I would not worry about Arctic Cat going out of business, they are not going anywhere. They are just having a slump just like every other manufacturer out there ( cars, trucks, atv's ect...)

If you are looking for a work horse then look no further than the Honda Rubicon. I have had honda's for the past 20 years and never once had a single issue with any of them. By far the most dependable ATV on the market. From one moose hunter to another I can vouch for the Honda when it come's to pulling out a bull or two. Nothing pulls out moose like a honda. I have had people hook there Polaris on to a moose only to burn the belt off it.

Buy the Honda, you will not regret it, plus if you buy the Rubicon you will love the fluid drive transmission. Here's a pic of mine....
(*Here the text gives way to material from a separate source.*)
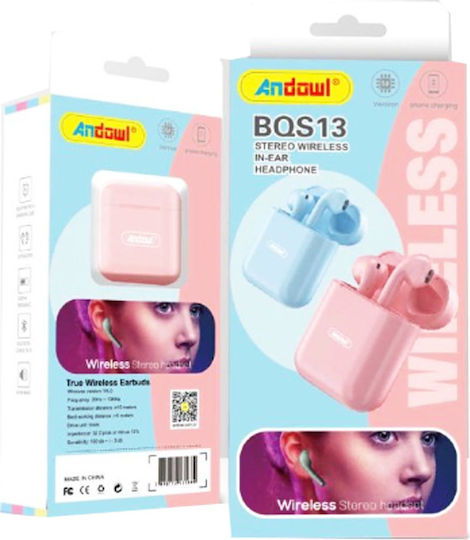 Andowl BQS13 Earbud Bluetooth Handsfree Earphones with Charging Case Pink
And a picture of the bull I got and pulled out last year.....


----------



## labman52738 (Jul 13, 2005)

I have a 2001 Honda Rubicon. It has over 10,000 miles on it and has had no problems. I have towed a car several miles with it. I even used it the last couple of years to help pull trucks out of the mud at our hunt tests. I pulled a chevy suburban out of the mud last spring! The next quad I will buy is when Honda makes the Rubicon 500 with EFI. One other word of advice, no matter which quad you go with, DON'T get the big aggressive mud tires! Although they do look cool, the only thing they will do is help you get more stuck in the mud.


----------



## Roughriding Woody (Jul 20, 2005)

I ended up purchasing a Polaris 500 EFI Browning Edition. It was $300 dollars more than the basic 500 but has all the extras. Winch, camo, gunboot, and handwarmers. The dealer threw in an aluminum ramp as well.

Thanks for everyones input.

Joe


----------